The toner has toner particles containing a binder resin and a colorant and inorganic fine particles,
The inorganic fine particles have Group 2 element titanate fine particles A and silica fine particles B;
The second group titanate fine particles A have a primary particle number average particle diameter (D1) of 80 nm or more and 200 nm or less, and a fixing ratio to the toner particles of 40 mass% or more and 85 mass% or less.
The silica fine particles B have a number average particle diameter (D1) of primary particles of 80 nm or more and 200 nm or less, and a fixing ratio to the toner particles of 50 mass% or more and 95 mass% or less.

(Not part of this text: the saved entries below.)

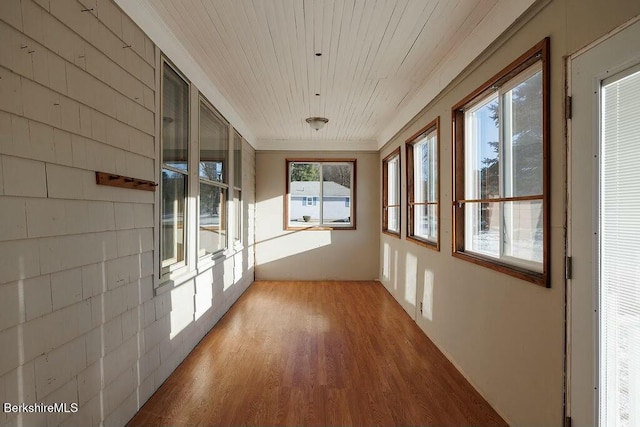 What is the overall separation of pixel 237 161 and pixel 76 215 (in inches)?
140

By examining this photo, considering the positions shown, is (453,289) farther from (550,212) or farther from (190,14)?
(190,14)

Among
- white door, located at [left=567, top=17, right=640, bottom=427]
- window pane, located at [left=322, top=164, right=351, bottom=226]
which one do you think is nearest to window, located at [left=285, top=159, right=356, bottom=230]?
window pane, located at [left=322, top=164, right=351, bottom=226]

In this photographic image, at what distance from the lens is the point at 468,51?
2.57 m

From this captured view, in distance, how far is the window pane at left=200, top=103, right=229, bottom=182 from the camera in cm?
344

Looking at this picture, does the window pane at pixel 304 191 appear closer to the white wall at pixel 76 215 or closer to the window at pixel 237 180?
the window at pixel 237 180

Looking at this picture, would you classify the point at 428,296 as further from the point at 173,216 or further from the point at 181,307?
the point at 173,216

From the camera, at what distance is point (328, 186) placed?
21.5ft

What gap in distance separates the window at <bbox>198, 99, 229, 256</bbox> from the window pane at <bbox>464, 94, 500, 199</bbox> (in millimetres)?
2459

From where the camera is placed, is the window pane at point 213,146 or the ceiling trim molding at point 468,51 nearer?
the ceiling trim molding at point 468,51

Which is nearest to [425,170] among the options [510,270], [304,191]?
[510,270]

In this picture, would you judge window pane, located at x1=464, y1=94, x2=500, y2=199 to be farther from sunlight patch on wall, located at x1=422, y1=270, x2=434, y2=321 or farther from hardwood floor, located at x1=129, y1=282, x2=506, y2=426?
hardwood floor, located at x1=129, y1=282, x2=506, y2=426

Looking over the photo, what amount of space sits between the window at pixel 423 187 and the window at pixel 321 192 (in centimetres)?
215

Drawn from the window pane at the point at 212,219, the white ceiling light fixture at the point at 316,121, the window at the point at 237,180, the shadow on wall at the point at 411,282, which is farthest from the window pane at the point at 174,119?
the shadow on wall at the point at 411,282

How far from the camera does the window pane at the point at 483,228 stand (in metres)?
2.40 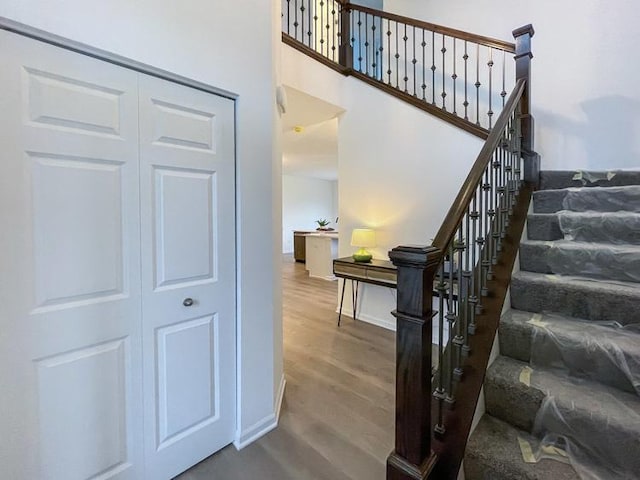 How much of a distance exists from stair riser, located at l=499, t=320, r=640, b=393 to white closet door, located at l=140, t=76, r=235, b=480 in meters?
1.39

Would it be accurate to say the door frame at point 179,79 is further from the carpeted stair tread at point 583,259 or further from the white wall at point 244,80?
the carpeted stair tread at point 583,259

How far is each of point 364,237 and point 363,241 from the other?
0.05m

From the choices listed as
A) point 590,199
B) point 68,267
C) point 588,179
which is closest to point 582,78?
point 588,179

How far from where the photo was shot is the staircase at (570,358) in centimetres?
110

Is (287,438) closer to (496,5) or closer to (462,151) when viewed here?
(462,151)

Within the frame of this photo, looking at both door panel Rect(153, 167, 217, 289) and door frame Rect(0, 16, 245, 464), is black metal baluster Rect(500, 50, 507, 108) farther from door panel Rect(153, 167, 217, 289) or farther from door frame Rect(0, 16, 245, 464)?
door panel Rect(153, 167, 217, 289)

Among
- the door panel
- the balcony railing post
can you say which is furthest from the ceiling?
the door panel

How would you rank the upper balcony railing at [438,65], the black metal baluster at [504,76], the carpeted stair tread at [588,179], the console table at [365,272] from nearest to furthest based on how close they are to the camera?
the carpeted stair tread at [588,179], the black metal baluster at [504,76], the upper balcony railing at [438,65], the console table at [365,272]

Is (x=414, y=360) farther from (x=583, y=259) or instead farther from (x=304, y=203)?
(x=304, y=203)

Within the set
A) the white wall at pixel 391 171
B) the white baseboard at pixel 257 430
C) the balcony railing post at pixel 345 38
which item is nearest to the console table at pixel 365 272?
the white wall at pixel 391 171

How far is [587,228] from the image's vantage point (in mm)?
1812

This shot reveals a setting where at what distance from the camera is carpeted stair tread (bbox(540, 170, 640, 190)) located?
7.00 feet

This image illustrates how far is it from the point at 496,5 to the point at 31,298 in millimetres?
4415

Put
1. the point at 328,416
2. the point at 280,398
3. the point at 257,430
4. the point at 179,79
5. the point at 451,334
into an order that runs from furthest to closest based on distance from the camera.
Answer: the point at 280,398, the point at 328,416, the point at 257,430, the point at 179,79, the point at 451,334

The aspect ratio of the toner is 0.880 or more,
When the adhesion between two particles when a load of 78.5 N is applied to the toner is Fp (A), and the adhesion between two particles when a load of 157.0 N is applied to the toner is Fp (B) An image forming method characterized by satisfying the following formulas (1) and (2):
Fp (A) ≦ 30.0 nN (1)
(Fp (B) −Fp (A)) / Fp (A) ≦ 0.60 (2)   2. The image forming method according to claim 1, wherein the group 2 element titanate fine particles A have a primary particle shape of a cube and / or a rectangular parallelepiped and have a perovskite crystal structure.   3. The image forming method according to claim 1, wherein the Group 2 element titanate fine particles A and / or silica fine particles B are treated with an alkylsilane.   The image forming method according to any one of claims 1 to 3, wherein a half-value width of a maximum peak obtained at a particle size of 80 nm to 200 nm in a weight-based particle size distribution curve of the silica fine particles B is 25 nm or less. The image forming method according to claim 1, wherein the toner has an aspect ratio of 0.900 or more.